Zudem ist auch d'Assaillys Kenntniss der Sprache vollständig ungenügend. Man hat wohl gelacht, wenn ein namhafter Faustübersetzer an der Stelle: heisse Magister, heisse Doctor gar, vom docteur Gar sprach, wenn Marmier Rabend. h. Ravennaschlacht durch bataille des corbeaux übersetzte, wenn ein anderer bekannter Schriftsteller Meinigen für einen Eigennamen hielt und nun Tell sagen lässt: me voilà sur le Meinigen; man könnte in unserem Autor eine reichliche Lese ähnlicher Missverständnisse halten. Er sagt z. B. bei dem Abenteuer Lichtensteins: l'absurde créature saisit l'échelle, la retourne et Ulrich tombe; da im Text es sich ganz anders verhält, dort nur von Betttüchern die Rede ist, die jener losliess, so scheint er das Wort lailachen, das doch noch nicht erloschen und in der Form Laken gäng und gäbe ist, mit Leiter zu übersetzen; er macht, wenn der Vogel Galidrot und seine Jungen erwähnt wird, daraus l'histoire du puissant Galidrot et de ses fils und wenn Walter sich tröstet:

ich kan aber endes niht gewinnen:

darumbe waere ich nu verzaget

Wan daz s'ein wenik lachet, so si mir versaget,

so lässt er ihn das Gegentheil sagen: Quelle serait ma joie, si vous me fermiez la bouche avec un sourire. Andere Beispiele kann man bei Pey selbst nachlesen; ich würde nicht fertig, wollte ich alle solche Verstösse rügen; auch sind das nur wahre Kleinigkeiten, die für uns Pedanten, Engländer, Deutsche und andere gewissenhafte Barbaren von Wichtigkeit sind, aber nicht für einen geistreichen, genialen Franzosen, der an der Spitze der Civilisation marschirt.

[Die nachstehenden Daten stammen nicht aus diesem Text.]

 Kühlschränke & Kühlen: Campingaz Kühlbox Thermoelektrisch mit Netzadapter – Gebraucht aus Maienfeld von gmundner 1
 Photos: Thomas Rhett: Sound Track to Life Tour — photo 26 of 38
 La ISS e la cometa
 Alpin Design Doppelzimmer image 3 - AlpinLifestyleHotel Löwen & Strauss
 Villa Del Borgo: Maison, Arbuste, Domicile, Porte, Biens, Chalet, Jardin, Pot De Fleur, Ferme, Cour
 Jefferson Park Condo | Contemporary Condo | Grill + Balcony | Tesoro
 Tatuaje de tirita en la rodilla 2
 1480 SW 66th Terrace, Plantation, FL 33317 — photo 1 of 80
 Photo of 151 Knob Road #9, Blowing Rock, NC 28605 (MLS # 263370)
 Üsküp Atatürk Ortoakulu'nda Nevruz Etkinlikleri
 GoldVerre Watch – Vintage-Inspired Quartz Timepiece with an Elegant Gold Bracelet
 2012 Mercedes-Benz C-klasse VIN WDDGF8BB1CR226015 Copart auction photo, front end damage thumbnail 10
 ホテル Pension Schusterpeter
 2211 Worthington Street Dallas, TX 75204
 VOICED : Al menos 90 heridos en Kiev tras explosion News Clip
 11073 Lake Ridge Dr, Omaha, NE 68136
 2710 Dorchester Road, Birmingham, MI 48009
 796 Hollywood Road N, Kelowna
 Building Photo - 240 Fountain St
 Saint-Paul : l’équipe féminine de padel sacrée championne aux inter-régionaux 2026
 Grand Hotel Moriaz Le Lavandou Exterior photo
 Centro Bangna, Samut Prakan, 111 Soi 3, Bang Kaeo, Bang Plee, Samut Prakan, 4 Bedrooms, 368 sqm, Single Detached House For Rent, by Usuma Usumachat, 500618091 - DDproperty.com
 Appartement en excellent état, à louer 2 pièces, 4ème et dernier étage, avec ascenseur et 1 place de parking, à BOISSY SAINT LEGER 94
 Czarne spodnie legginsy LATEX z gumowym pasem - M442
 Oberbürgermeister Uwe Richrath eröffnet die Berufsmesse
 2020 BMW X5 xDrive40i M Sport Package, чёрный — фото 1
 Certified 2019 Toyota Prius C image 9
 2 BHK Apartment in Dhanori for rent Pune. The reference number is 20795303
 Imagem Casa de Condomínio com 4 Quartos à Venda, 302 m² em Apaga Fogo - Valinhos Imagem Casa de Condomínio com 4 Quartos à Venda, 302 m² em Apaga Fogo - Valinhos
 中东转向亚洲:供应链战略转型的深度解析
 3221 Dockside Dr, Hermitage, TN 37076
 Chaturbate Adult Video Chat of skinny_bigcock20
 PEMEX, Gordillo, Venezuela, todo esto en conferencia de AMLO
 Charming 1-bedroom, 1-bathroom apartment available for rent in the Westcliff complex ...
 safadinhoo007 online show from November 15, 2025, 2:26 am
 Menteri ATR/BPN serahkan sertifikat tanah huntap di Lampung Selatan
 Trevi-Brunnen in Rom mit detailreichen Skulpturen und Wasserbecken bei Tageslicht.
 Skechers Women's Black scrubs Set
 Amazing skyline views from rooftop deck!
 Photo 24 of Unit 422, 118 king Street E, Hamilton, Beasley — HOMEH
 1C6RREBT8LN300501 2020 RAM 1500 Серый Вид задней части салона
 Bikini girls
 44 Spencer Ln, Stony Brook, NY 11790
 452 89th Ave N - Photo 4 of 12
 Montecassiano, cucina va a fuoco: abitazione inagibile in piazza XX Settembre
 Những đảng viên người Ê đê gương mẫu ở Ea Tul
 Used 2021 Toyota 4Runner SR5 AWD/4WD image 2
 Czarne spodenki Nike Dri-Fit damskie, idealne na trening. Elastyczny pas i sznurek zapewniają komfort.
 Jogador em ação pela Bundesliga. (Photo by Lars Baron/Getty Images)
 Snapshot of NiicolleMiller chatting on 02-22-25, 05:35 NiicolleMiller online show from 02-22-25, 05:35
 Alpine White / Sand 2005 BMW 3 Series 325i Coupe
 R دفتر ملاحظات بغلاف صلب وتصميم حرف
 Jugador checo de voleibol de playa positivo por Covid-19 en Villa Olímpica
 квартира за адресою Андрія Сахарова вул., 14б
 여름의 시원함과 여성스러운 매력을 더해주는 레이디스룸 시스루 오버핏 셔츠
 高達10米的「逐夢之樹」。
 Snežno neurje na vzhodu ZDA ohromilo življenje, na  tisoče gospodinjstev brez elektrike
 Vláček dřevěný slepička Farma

Wie lächerlich, wenn ein Luther, um gut zu übersetzen, selbst bei Fleischern über den besten Ausdruck sich Rath erholte, wenn ein Voss sich mitunter acht Tage lang mit einem Verse trug; sie hätten sollen bei d'Assailly und Genossen in die Schule gehen, da hätten sie es leichter gehabt. Eine der angesehensten Zeitschriften, die existiren, die Edinburgh Review in ihrem Januarhefte 1856 bei einer Kritik

der Guizotschen Geschichte, also bei einem Buche, wo es wesentlich nur auf den Inhalt, weniger auf die Form anzukommen scheint, hält es nicht unter ihrer Würde, dem englischen Uebersetzer auf mehreren Seiten Schritt für Schritt zu folgen, ihm die geringste Abschwächung des Ausdrucks, die unbedeutendste Aenderung des Sinns, einen kleinen, vielleicht im Interesse des Stils gemachten Zusatz, aufzumutzen. Sagt er z. B. statt History of the Commonwealth of England and of Cromwell: History of Cromwell and the Commonwealth; fügt er, wenn es im Texte heisst l'éclat de leurs actions et de leur destinée in der Uebersetzung: the splendour of their actions and the magnitude of their destiny das Wort magnitude, vielleicht nur des besseren Stiles wegen, wie er wohl meinen mag, hinzu, gibt er repousser durch das schwächere refuse wieder; heisst es für on ne voulait pas faire éclater les dissensions des républicains: to originate dissensions would, it was felt, be madness oder statt il était l'âme (de la commission) nur he was the chief, so wird er gehörig abgekanzelt; es wird bedauert, dass diese mangelhafte, autorisirte Uebersetzung nun einmal da und keine Abhülfe möglich sei, und es wird aufgefordert, allen Uebersetzern streng auf die Finger zu sehen, um die Unfähigen durch Furcht vor Tadel zurückzuhalten und die Tüchtigen durch Aussicht auf verdientes Lob zu ermuthigen. Der Kritiker will eben den Schriftsteller möglichst genau wiedergegeben haben, so weit das angeht, denn, sagt.er' mit Recht: The lights and shades of style indicate the bias of an author's mind. Man wird mir, meint er, vielleicht entgegnen, meine Ausstellungen gingen nur aus Kleinigkeitskrämerei hervor. But let it be understood that the last seven of them all arise out of a single paragraph, and that the last six are all on the same page; and let any one conceive what murder is done upon the soul of a book, 700 pages long, when a translator sits down in this manner to the work of killing it by inches.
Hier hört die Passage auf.